For over a year, New Times has praised the slow-smoked barbecue found at Sheila's, a yellow, roadside food shack in Lake Worth. But the real draw at this casual eatery is the conch: a meaty shellfish as integral to the Caribbean as steel drums and sunshine. Sheila's gets down on the mollusc in a variety of ways: as an impeccably fresh salad mixed with tomato, bell pepper, and lime; in baseball-sized conch fritters studded with luxurious chunks of meat. But our favorite? That would be the cracked conch, done up in true Bahamian fashion — which is to say, pounded into tender morsels and lightly dredged in flour, then deep-fried until beautifully brown and crisp. Squirt it with some fresh lime juice and give it a dunk in Sheila's zesty dipping sauce and that conch is practically flawless. A little pigeon peas and rice, some slow-stewed collard greens, and a seat on the stone benches underneath Sheila's outdoor awning and your trip to the Caribbean is complete.

Experienced Chinese food consumers can get soy sauce stains out of their undershirts, and they never let the faded photos of Hunan beef above the counter of a takeout eatery deter them. If the grub is going to be consumed elsewhere anyhow, atmosphere doesn't matter; the truth is in the General Tso's sauce. Leave it to the fine, fast, and affordable New Hong Kong Chinese Food to minimize the MSG hangover and coat every surface of the inside of your mouth with more than 100 variations of savory happiness. Even a risky item like cornstarch-battered crispy orange flavor beef leaves a wealth of East Asian spots in their greasy tracks. Do it for lunch, do it in large quantities, and do it late-night (till at least 10:30 daily) and these chefs with New York City experience have you covered.

Candace West

It's only fitting that the chef whose restaurant earned Best of Palm Beach honors for 2011 should also take the crown as Best Chef. There are certainly better-known and more celebrated chefs in South Florida, but few are cooking with the disciplined abandon and uncompromising vision of Roy Villacrusis, who seemingly came out of nowhere to give the often-unadventurous Palm Beach County restaurant scene a giant kick in the ass. Actually, it wasn't out of nowhere but out of Mark Militello's now-shuttered CityPlace eatery, where Villacrusis ran the sushi bar. Before that, though, the self-taught chef cooked his way through restaurants from the Philippines to Las Vegas, especially drawn to the glistening freshness and aesthetic artistry of sushi. That artist's touch is evident in every plate that comes out of Kubo's exhibition kitchen. But although it's said that you first eat with your eyes, you taste with your palate, and Villacrusis never lets his arrangements or creativity get in the way of his food tasting really, really good. That alone is worthy of an award.
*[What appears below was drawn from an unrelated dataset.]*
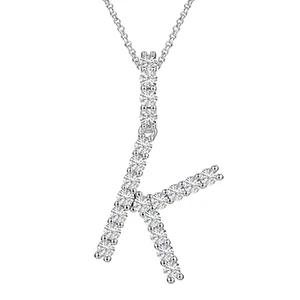 MOISSANITE ALPHABET INITIAL NAME LETTER PENDANT IN STERLING SILVER - Image 16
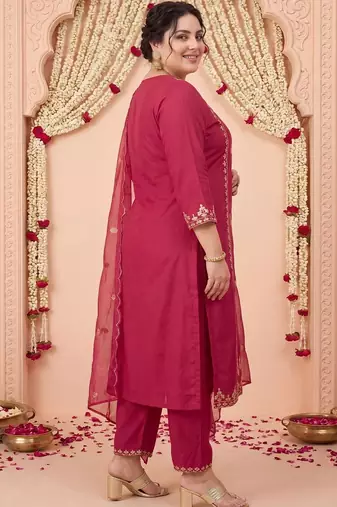 Plus Size Maroon Embroidered Straight Kurta Trousers With Dupatta Set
Courtesy of the Breakers Palm Beach

When fantasizing about the magnificent things you'll obtain once you win the Florida Lotto, images of flashy cars, massive castle-esque homes, and fabulous hats may come to mind. But if your lucky numbers haven't come up yet, you might be forced to simply bask alongside those privy to such financial glory. Inside a massive cream-colored resort that resembles a Roman palace, a brunch most opulent exists — a utopia where bubbly flows freely and dapper dressed debutantes nosh on caviar. A bevy of doormen waits to valet your sleek sports car (or Ford Taurus), and corridors are painted with images of the Renaissance. Stroll past tubs of lobster tail, carving stations, and various regal fare spanning two food-filled rooms. Drink, feast, and converse with the elite. A brunch at the Breakers in any case is cause for celebration, but if someone else is handing over his MasterCard, it might feel as if you hit the jackpot after all.